Land and building owners now have a reason to cheer. The government has proposed an amendment to the Finance Bill 2024 regarding long-term capital gains (LTCG) tax, thereby relieving property owners of the extra tax burden that would have arisen on account of the latest changes announced by Finance Minister Nirmala Sitharaman on July 23 in the Union Budget 2024.

In the list of amendments to the Finance Bill (No. 2) 2024, the government has proposed that indexation benefit will be restored for immovable property bought before July 23, 2024. As per the provisions, tax would be calculated at the rate of 12.5 per cent without indexation, but if it exceeds 20 per cent with indexation, it would be ignored.

This has been proposed only for resident individuals and Hindu Undivided Families (HUFs).

What was announced in Budget 2024

The Budget 2024 announced that land and properties sold after July 23, 2024, would draw a long-term capital gains tax of 12.5 per cent without indexation instead of 20 per cent with indexation that existed earlier.
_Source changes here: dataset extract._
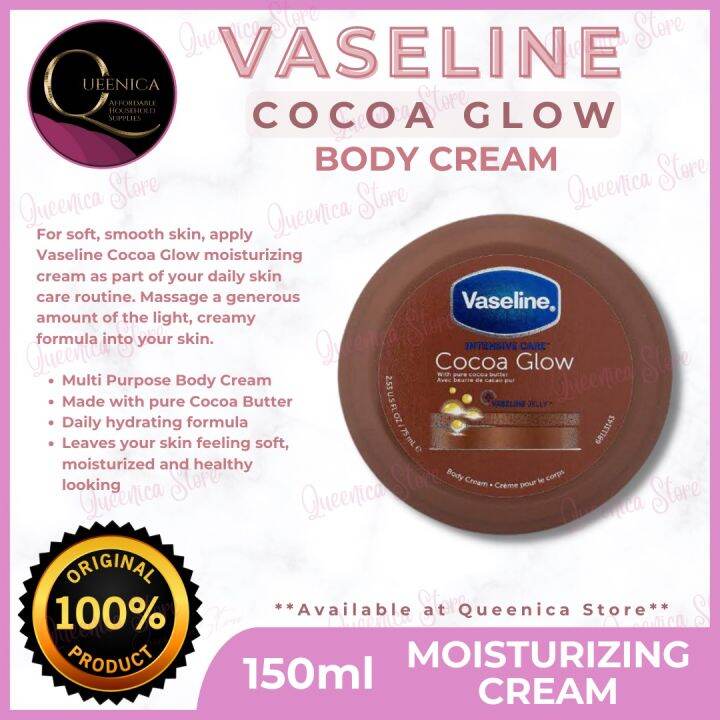 VASELINE Intensive Care Cocoa Glow Body Cream 150ml Lazada PH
The provision took effect immediately, i.e., July 23, 2024.

This is proposed in the amendment

The amendment says that if the new tax rate, i.e., 12.5 per cent (minus indexation) leads to a higher tax liability than 20 per cent with indexation, then the extra tax will be ignored. The relief is offered only in cases where the property was bought before July 23, 2024.

The amendment has received a thumbs-up from the stakeholders across the board. And rightly so.

Experts call it a positive move

Experts unanimously call the amendment a positive move since it will ensure that the indexation benefits will apply when the taxpayer is set to suffer loss because of new legislation. Although the relief is offered only on properties purchased before July 23, it is seen as a positive step by the government.

“This amendment aims to benefit property owners by offering more flexibility in tax calculations, potentially reducing tax liability based on individual circumstances. Importantly, indexation benefits will not apply if a taxpayer incurs a loss. Additionally, if a taxpayer has a profit without indexation but a loss with indexation, their tax payable will be zero. However, taxpayers cannot claim a loss resulting from the indexation benefit. The changes do not fully restore indexation benefits, as immovable properties acquired on or after July 23, 2024, will not be eligible for indexation. This amendment is a positive step from the finance minister, addressing concerns about the removal of indexation benefits while maintaining tax parity across asset classes,” said Mitesh Jain, Partner, Economic Laws Practice.

Ravi Bishnoi, Partner at Saraf & Partners, said, “This is a welcome move by the government as the investors would have the option to choose the calculation method which is favourable as far as tax outgo is concerned. This is mainly beneficial for owners who have held a property for a long period and the value of the property has appreciated significantly.”

“This amendment will be a relief for taxpayers who were paying excess tax due to flat rate of 12.5 per cent with no indexation benefit,” said CA Pratibha Goyal, a Delhi-based chartered accountant.